Ensign Flandry by Poul Anderson. Part one

Ferok made a contrast to him. The land Starkadian, Tigery, Toborko, or whatever you wanted to call him, was built not unlike a short man with disproportionately long legs. His hands were four-fingered, his feet large and clawed, he flaunted a stubby tail. The head was less anthropoid, round, with flat face tapering to a narrow chin. The eyes were big, slanted, scarlet in the iris, beneath his fronded tendrils. The nose, what there was of it, had a single slit nostril. The mouth was wide and carnivore-toothed. The ears were likewise big, outer edges elaborated till they almost resembled bat wings. Sleek fur covered his skin, black-striped orange that shaded into white at the throat.

He wore only a beaded pouch, kept from flapping by thigh straps, and a curved sword scabbarded across his back. By profession he was the boatswain, a high rank for a male on a Kursovikian ship; as such, he was no doubt among Dragoika’s lovers. By nature he was impetuous, quarrelsome, and dog-loyal to his allegiances. Flandry liked him.

Ferok lifted a telescope and swept it around an arc. That was a native invention. Kursoviki was the center of the planet’s most advanced land culture. “No sign of anything yet,” he said. “Do you think yon Outsider flyboat may attack us?”

“I doubt that,” Flandry said. “Most likely it was simply on hand because of having brought some Merseian advisors, and shot at me because I might be carrying instruments which would give me a clue as to what’s going on down below. It’s probably returned to Kimraig by now.” He hesitated before continuing: “The Merseians, like us, seldom take a direct role in any action, and then nearly always just as individual officers, not representatives of their people.
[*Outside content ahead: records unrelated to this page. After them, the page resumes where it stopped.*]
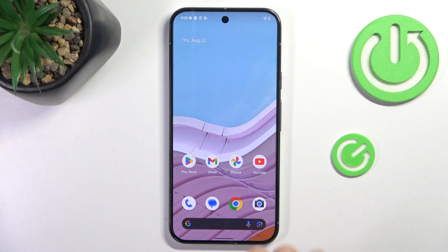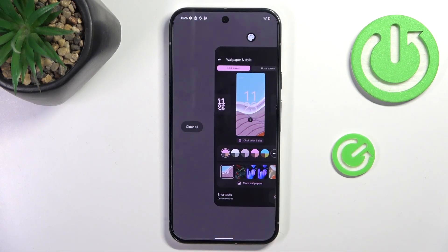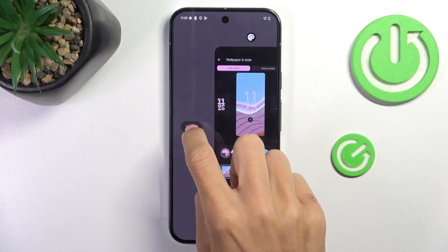All you have to do is slide your finger up and hold it for a while. Here we've got all the apps that are currently active, and then just tap 'Clear All'.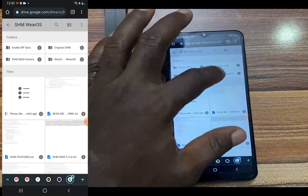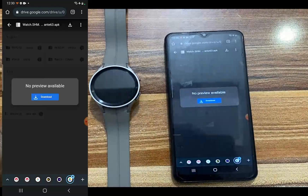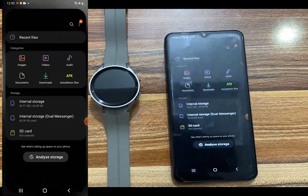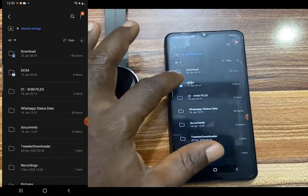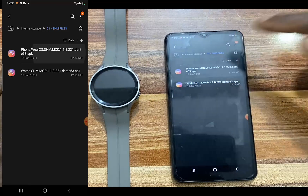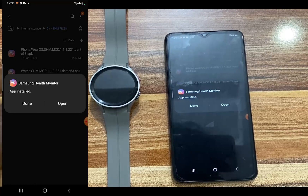Now, once you are done, download the second file. Open this folder that says watch. Now tap on watch.shm and tap on the download icon to download this file as well to your phone. Now once you have downloaded these two files — I have already downloaded and moved them to a folder for easy accessibility — what you need to do is to install the phone.wells app on your phone. Tap on that particular app and tap on install. Once this file has been installed on your phone, just tap on done.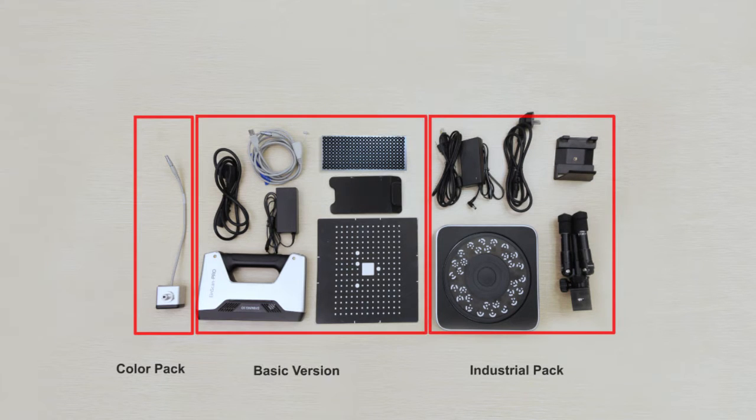If you purchase the basic version, scanner, power line, adapter, aviation plug, calibration board, calibration board holder, and mark points are included. If you purchase the industrial pack as well, it will include a turntable, a tripod, a cradle head, a power line, and adapter, apart from the basic version.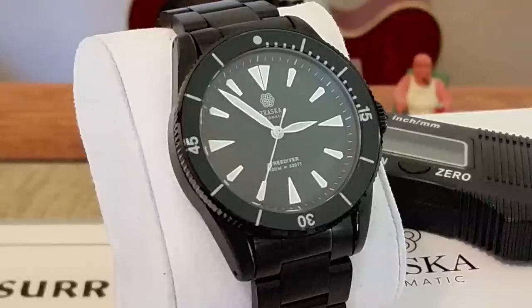Hey guys, OFD checking in here and today I'm really excited to be bringing you a new watch from a brand new watch company. Trosca is the name of the watch company. I think the company is actually based out of Florida here in the United States. These watches are manufactured overseas in China, but I'll get into a little bit more of that telling you about the owner of the company and stuff like that.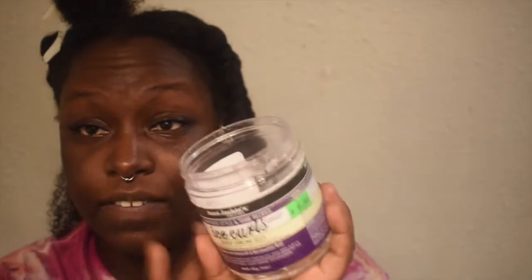Next I'm gonna put in my leave-in which is by Mielle Moisture RX Hawaiian Ginger butter — this butter right here. And let me get my gels open while I'm at it. Look at this — this is like my favorite gel. Okay, let's get into it.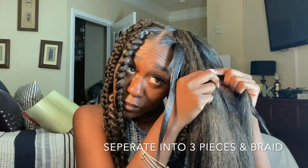Now you're just going to separate your braiding hair with your natural hair into three pieces and begin to start your braid.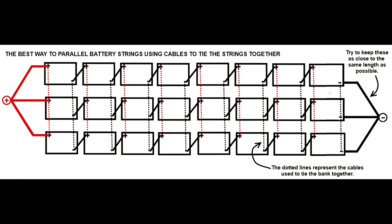If you must have three strings, like the setup we have at our off-grid cabin, this is the wiring configuration to use. We'll see you next time.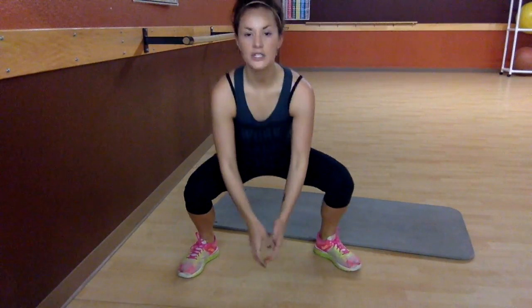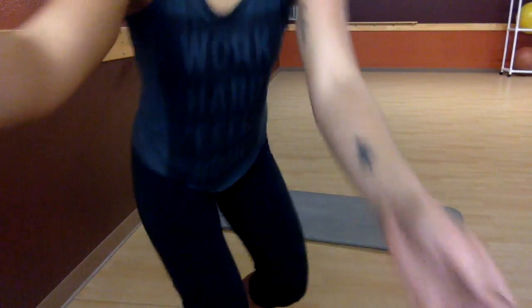The second one is wide squat pulses. You're going to be in a wide squat, like a sumo squat, and you're going to just pulse low like this. You're never actually going all the way up — just like this.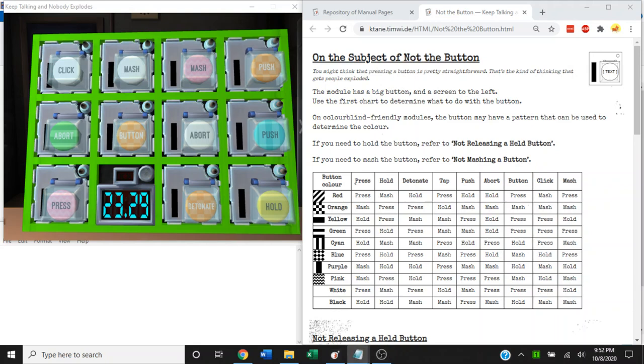Hi, this is Yabaguy, and welcome to a Katane module tutorial on the subject of Not the Button, part of the Not Vanilla series of modded modules by Andriosellos. You can tell this is Not the Button because the customary glowing strip is to the left of the button, not the right. You can get the module and manual you see here using the links in the description below.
Neither of us wishes to provoke a response in kind.”

“Afraid?” Lips curled back from fangs.

“On your account,” Flandry said, somewhat honestly. “You have no dream of what our weapons can do to a world.”

“World … hunh, the thought’s hard to seize. Well, let the Sisterhood try. I’m happy to be a plain male.”

Flandry turned and looked across the deck. The Archer was a big ship by Starkadian measure, perhaps five hundred tons, broad in the beam, high in the stern, a carven post at the prow as emblem of her tutelary spirit. A deckhouse stood amidships, holding galley, smithy, carpenter shop, and armory. Everything was gaudily painted. Three masts carried yellow square sails aloft, fore-and-aft beneath; at the moment she was tacking on the latter and a genoa. The crew were about their duties on deck and in the rigging. They numbered thirty male hands and half a dozen female officers. The ship had been carrying timber and spices from Ujanka port down the Chain archipelago.

“What armament have we?” he asked.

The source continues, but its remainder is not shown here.